Image-text web data
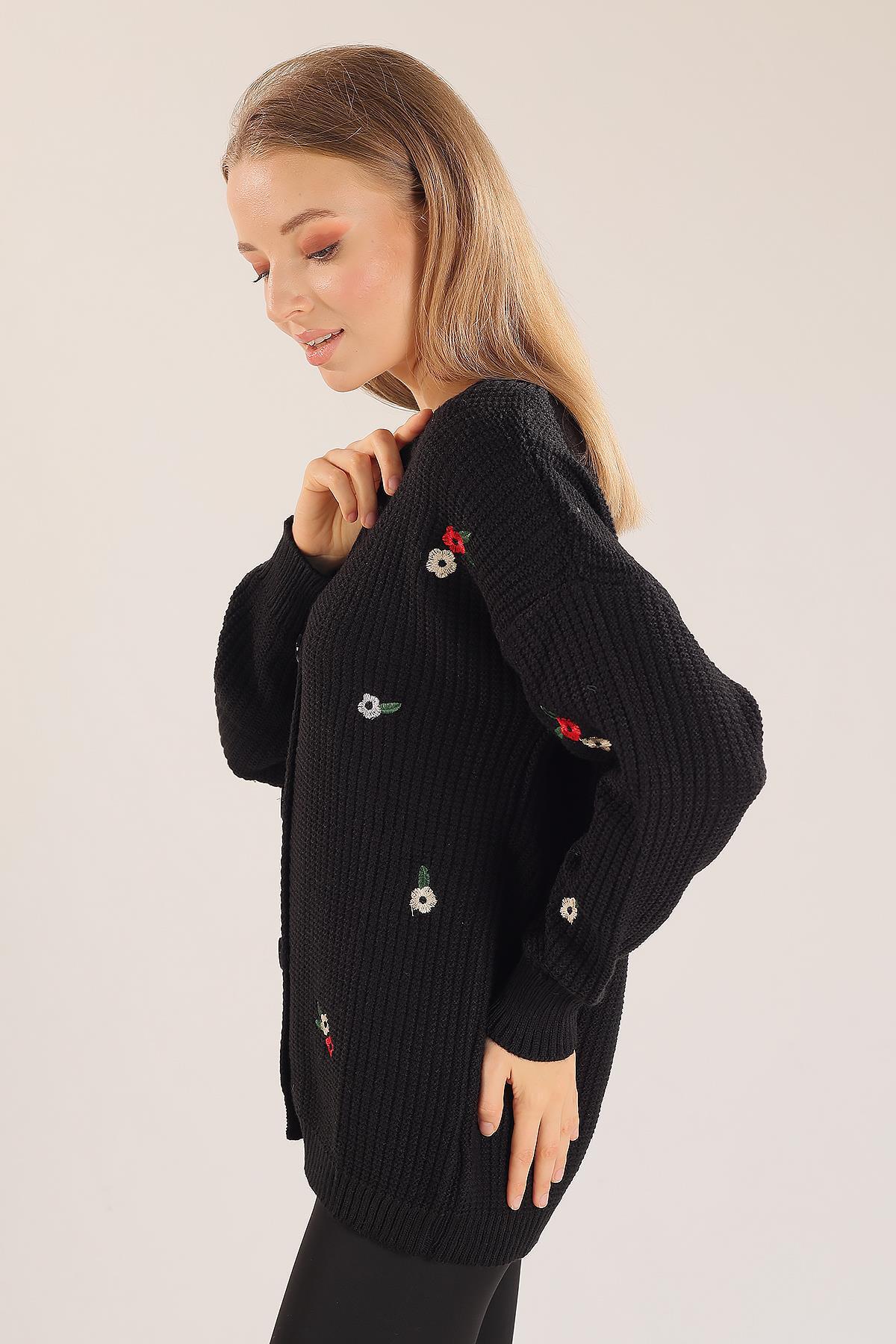 Siyah Çiçek Nakışlı Hırka 383 - 2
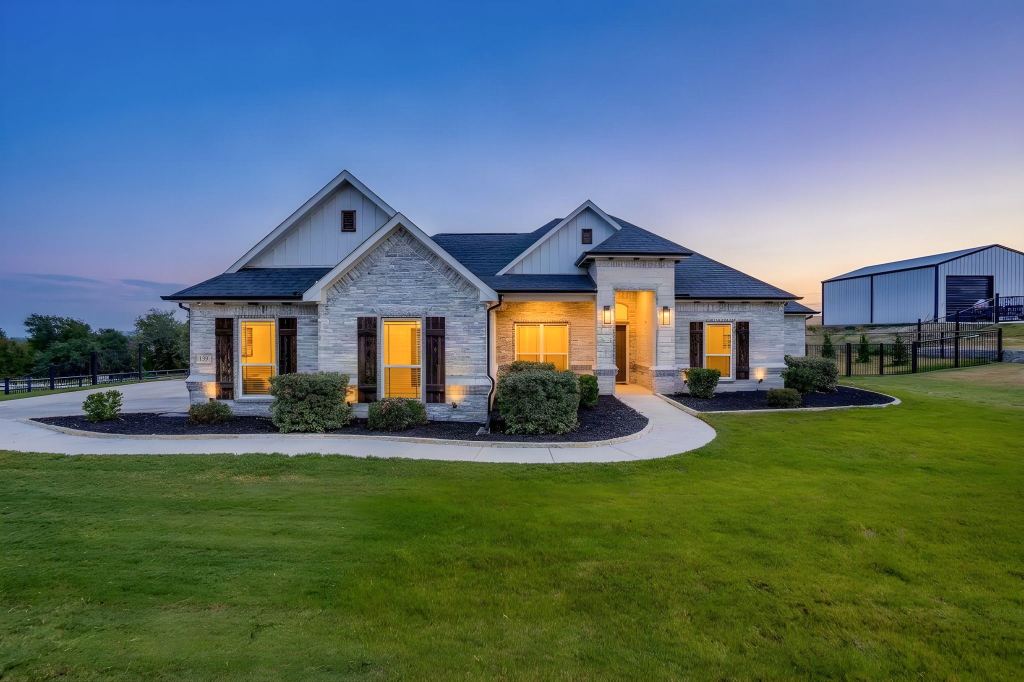 139 Oak Meadow Lane, Weatherford, TX 76085 — photo 1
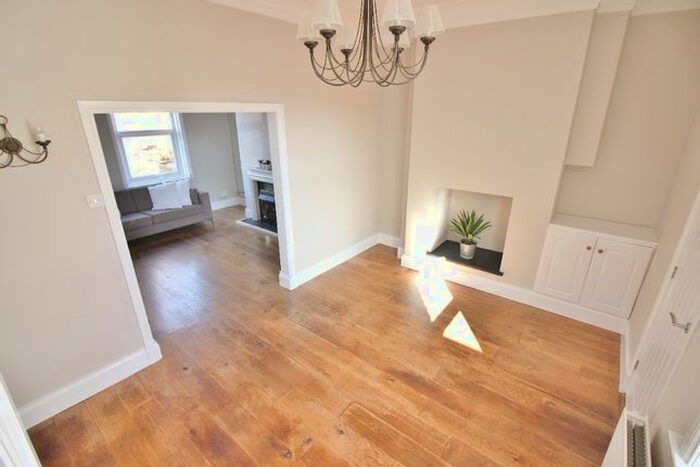 3 Bedroom Semi-Detached House To Rent In Poulton Road, Southport, PR9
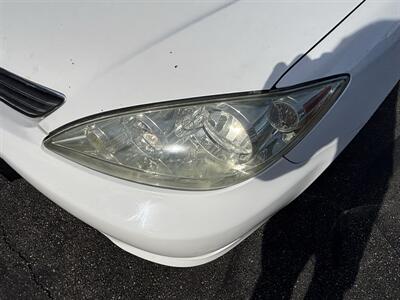 2005 Toyota Camry XLE V6 - Photo 11 - North Hollywood, CA 91601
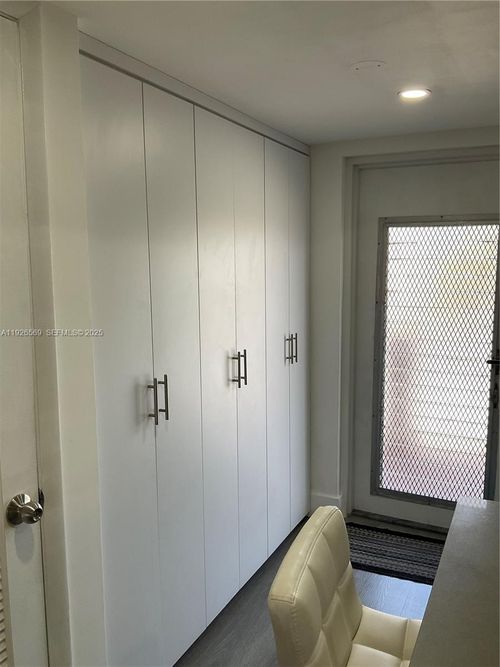 apt-304-9010 Sunrise Lakes Blvd, Sunrise, FL, 33322-6076 | Card Image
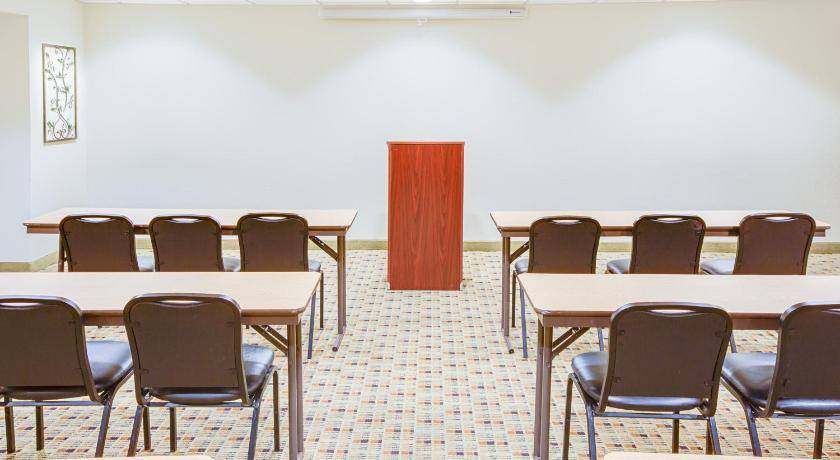 Photo of Others in Saraland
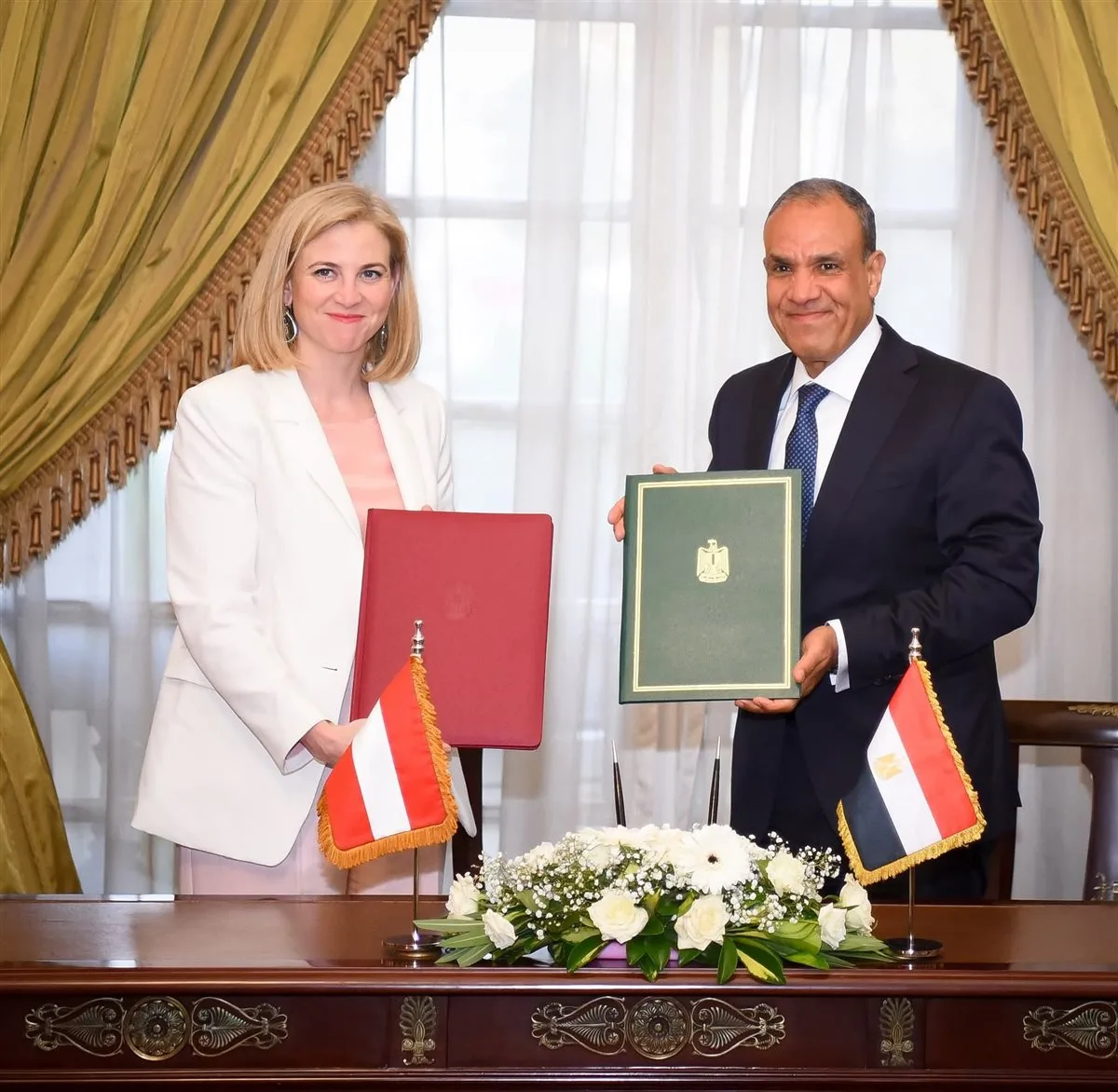 وزير الخارجية يناقش مجموعة من القضايا الإقليمية والدولية مع نظيرته النمساوية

# INSTRUCTIONS TO FOLLOW:
With every picture removed, give the entries above again exactly.

# ANSWER AREA:
 Siyah Çiçek Nakışlı Hırka 383 - 2
 139 Oak Meadow Lane, Weatherford, TX 76085 — photo 1
 3 Bedroom Semi-Detached House To Rent In Poulton Road, Southport, PR9
 2005 Toyota Camry XLE V6 - Photo 11 - North Hollywood, CA 91601
 apt-304-9010 Sunrise Lakes Blvd, Sunrise, FL, 33322-6076 | Card Image
 Photo of Others in Saraland
 وزير الخارجية يناقش مجموعة من القضايا الإقليمية والدولية مع نظيرته النمساوية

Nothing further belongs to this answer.